In today's New York Times there is an article that outlines the troubles of the region. See http://tinyurl.com/dkpqpv. Bloomberg is pessimistic (http://tinyurl.com/d9mnlk) as is the Wall Street Journal (http://tinyurl.com/bdlyuw). Meanwhile the Hungarian left-liberal media find it objectionable how gleefully Viktor Orbán walked out of the chamber prior to Ferenc Gyurcsány's important speech concerning the crisis. Picture below. One thing is sure: if one is concerned only with party politics, especially from the point of view of the opposition, a nice big economic crisis is a welcome event.
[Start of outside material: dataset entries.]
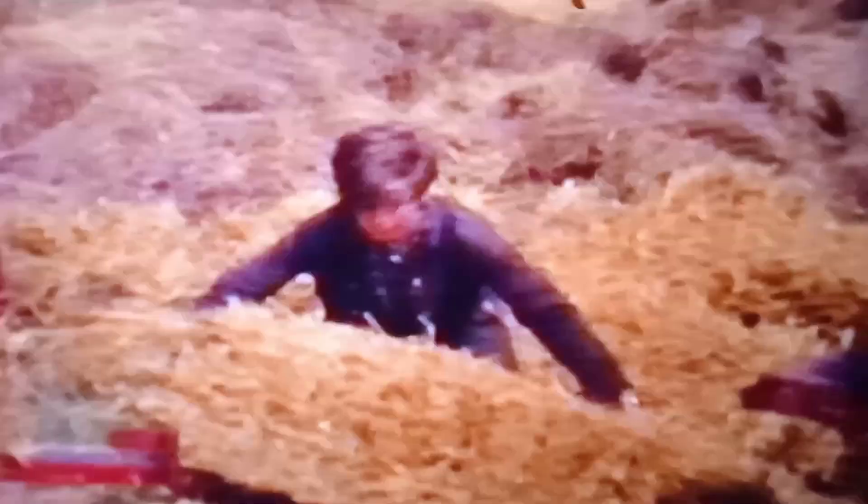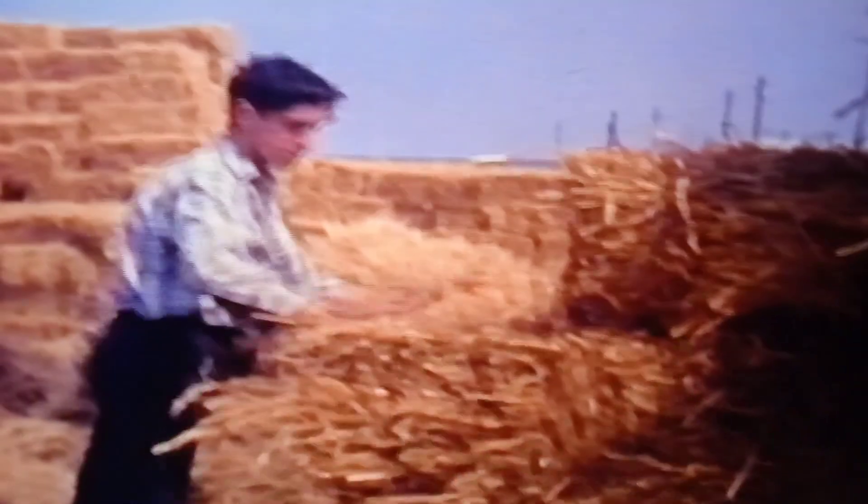I don't know who that young man is handling the bales there, but the young man on the trailer stacking the bales — his name is Michael — he went on to be our cowman for many years.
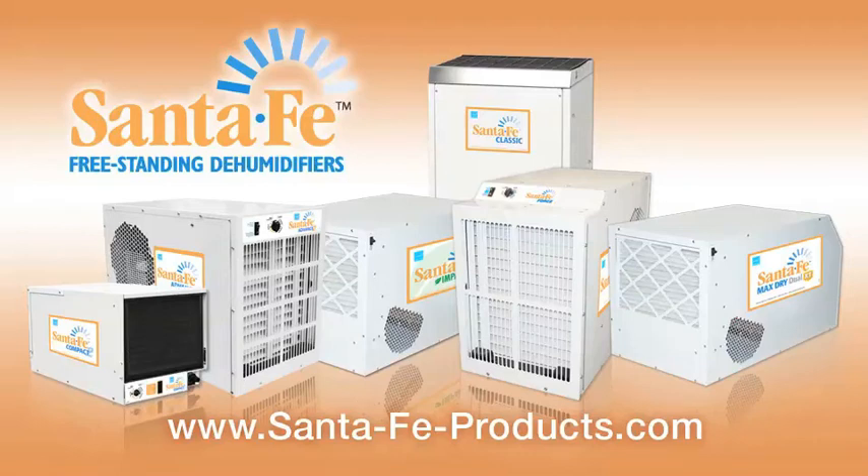Santa Fe is the leader in basement and crawlspace dehumidifier technology. Santa Fe offers the industry's most effective and efficient line of ENERGY STAR rated products. We are the experts in basement and crawlspace dehumidification.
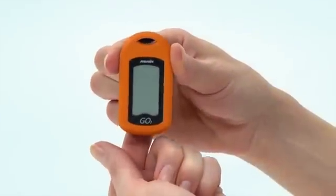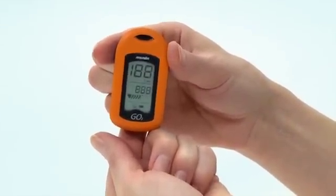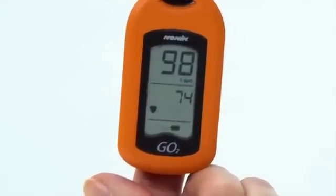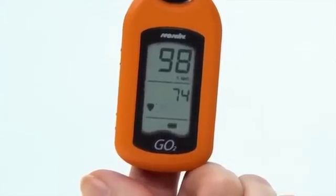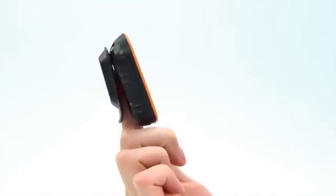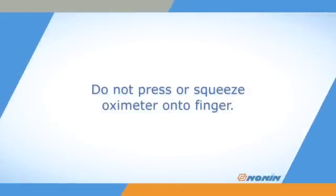To use the GO II Oximeter, just slide your finger into the opening until it touches the stop guide with your palm up and the display facing up for easy viewing. The Oximeter is hinged to gently hold the sensors on the top and bottom of your fingertip. Don't press down on the Oximeter or squeeze it onto your finger, as this may produce inaccurate results.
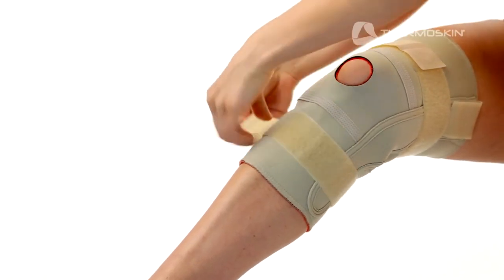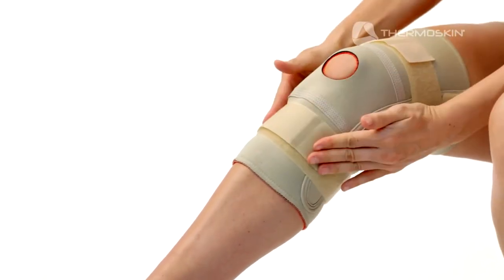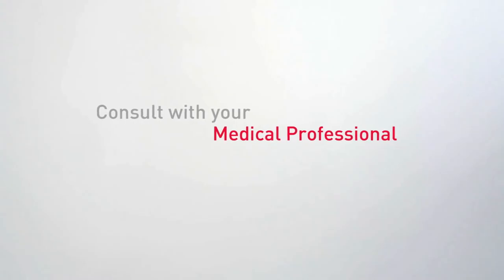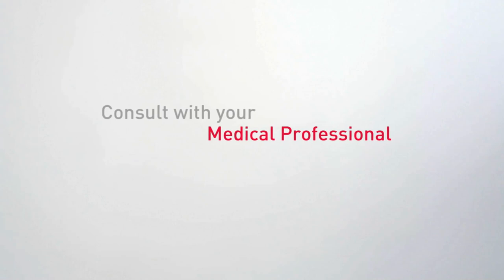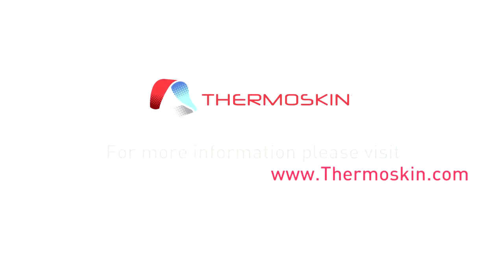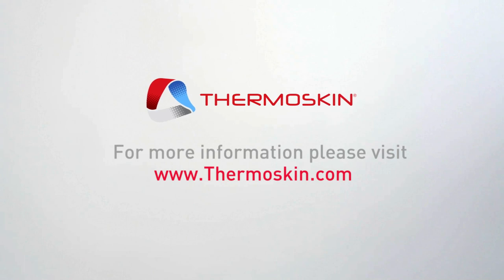Next, thread the lower strap behind your leg, through the lower buckle and back on itself, securing the fastener to keep the brace firmly but comfortably in position. If pain persists, please consult with your medical professional for a complete diagnosis and treatment plan. It is important to use the correct size to achieve the maximum product benefits. For more information, please visit thermoskin.com for sizing guidelines, color options, and other products in our range.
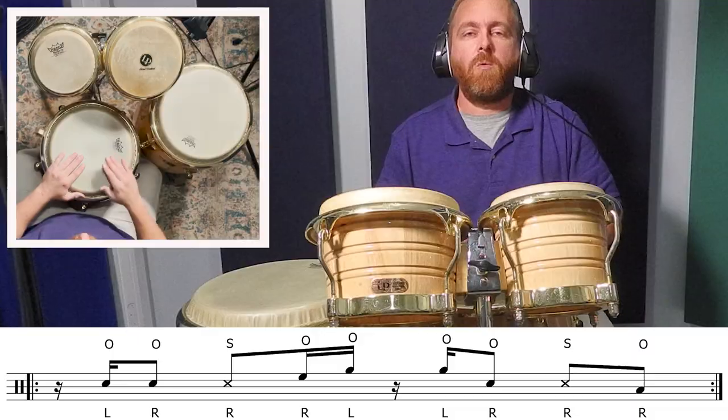In this first example, my goal was to play a funky part that uses the full spectrum of tones with this setup. So I started on the congas on the quinto and moved to the bongo and resolved the pattern with the congas on the low drum.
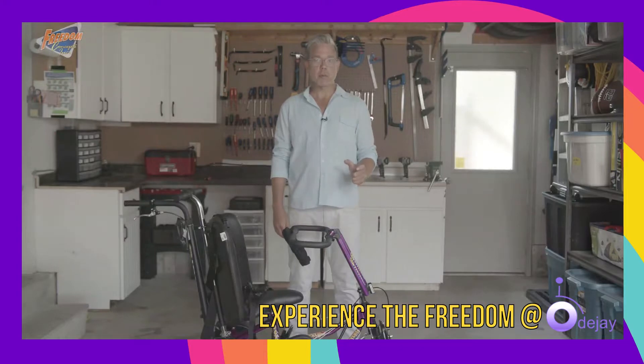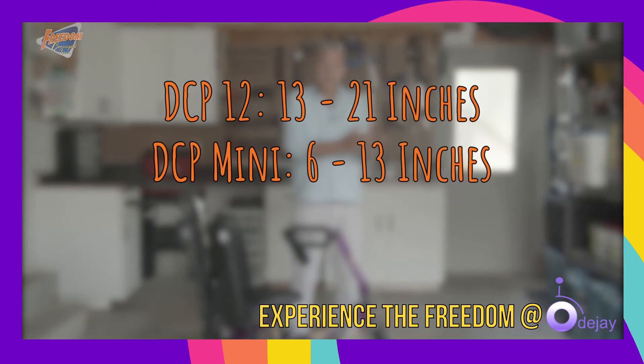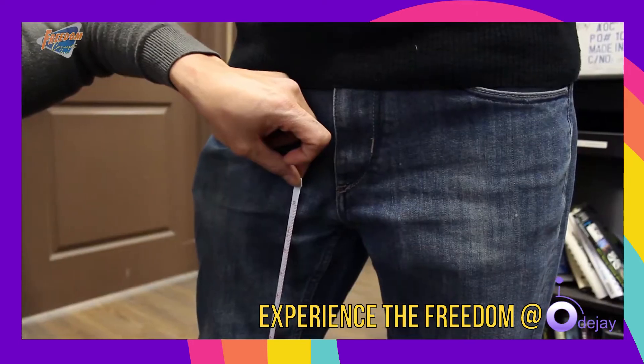The inseam measurement of the rider will determine the appropriate size needed. In this video, I will be showing you the DCP-12. The inseam range for this cycle is between 13 and 21 inches. The smaller cycle called the Mini can accommodate an inseam range from 6 to 13 inches. The larger cycle, DCP-16, is 19 to 26 inches. You can determine your inseam by measuring the distance from the bottom of your heel to the top of your inner thigh.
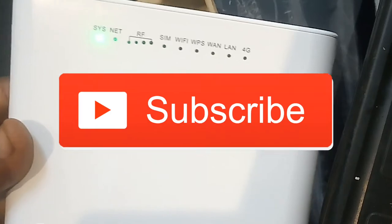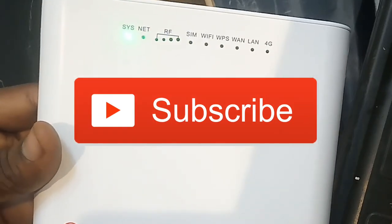My full review for this will be coming in my next video, so subscribe if you want to see that, and I'll see you in the next one.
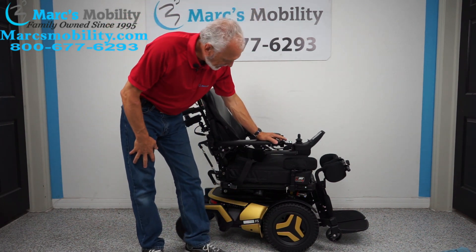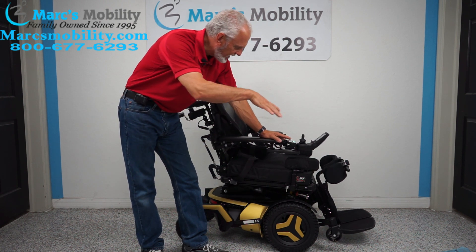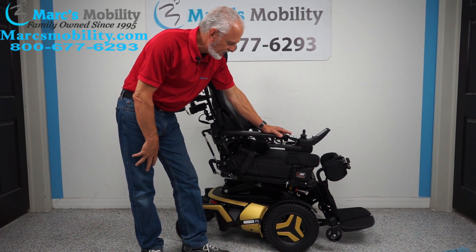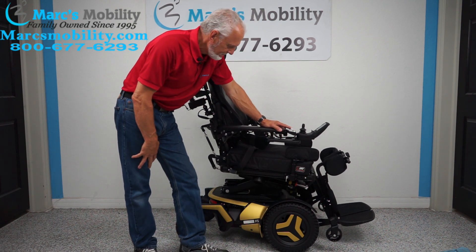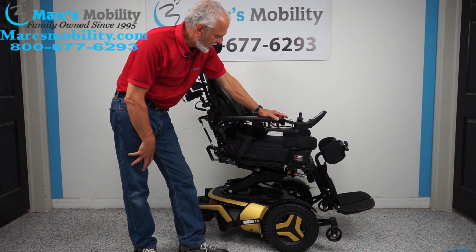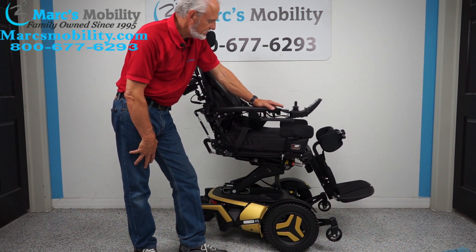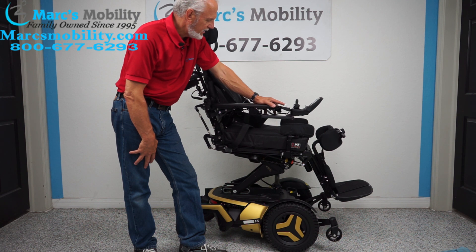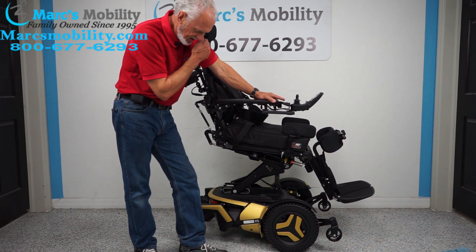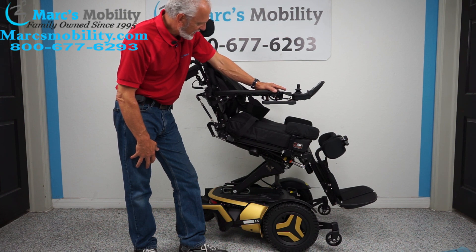Once you have the chest guard and the knee brace on, you can start going up. When you go up, you'll see the seat will do all kinds of little functions as it's working its way up. You'll see the foot plate went out, and the back is going to start coming down. And there goes the standing feature right now — this is the standing power chair.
However, it is hard to imagine that responsible politicians can look at the present situation with such obvious delight. Assume that Fidesz wins the next elections. And then what? Let's say that in the meantime the country comes close to bankruptcy. That cannot be good for Fidesz either. Hard to imagine what is in their heads. In the last couple of weeks the favorite adjective was "brutal." Everything was "brutal," especially any news about the details of the austerity package. Now "brutal" seems to be passé. Neither the party spokesmen nor the leaders of the Fidesz-Christian Democratic caucuses speak of "brutality." It has now been renamed: "the package of hopelessness." Copyright Viktor Orbán. Isn't it a delightful psychological ploy to lift the spirit of Hungarians? The situation is "hopeless," but if it is hopeless now it wouldn't suddenly become hopeful if tomorrow the country's prime minister were Viktor Orbán.
Meanwhile a few more intended changes were announced: the government is planning to reduce the number of council members in local governments by fifty percent. In addition they want to increase the population threshold for villages to have a full-time mayor. Right now several villages with fewer than 500 people have a full-time mayor. That's all very nice, but as far as I know in order to change the current law one needs a two-thirds majority in parliament, and Fidesz will not vote for such a change. After all, most of the local governments are in Fidesz hands.
Another interesting development is that today it was announced for the second time that Viktor Orbán's yearly speech about the state of the country is being postponed. Orbán while prime minister adopted the American practice of giving a State of the Union address, but with a twist. He didn't deliver the speech in parliament. After all, there the opposition party leaders might challenge him. No, he gave these yearly speeches outside of the parliament in front of invited guests. All admirers of the prime minister. Even after Orbán lost the elections he continued his yearly orations called "évértékelők." Or in English: assessments of the year. This year it was announced that Viktor Orbán will wait until Gyurcsány makes his speech on the first day of the spring session in parliament. The date was to be February 18. Today. Then a few days ago it was postponed, and today it was further postponed by two weeks because of Orbán's international "negotiations." Apparently, he is planning to go to Poland "to talk with the Polish prime minister" and will give a talk in Vienna. Other "negotiations" were not mentioned. Most likely, the postponment is not due to international negotiations but rather because at the moment Orbán doesn't know what to say. Surely, he can't show up and offer no solution to the ever deepening economic crisis. Perhaps he wants to see what the next two weeks will bring. Sooner or later we will find out, I trust.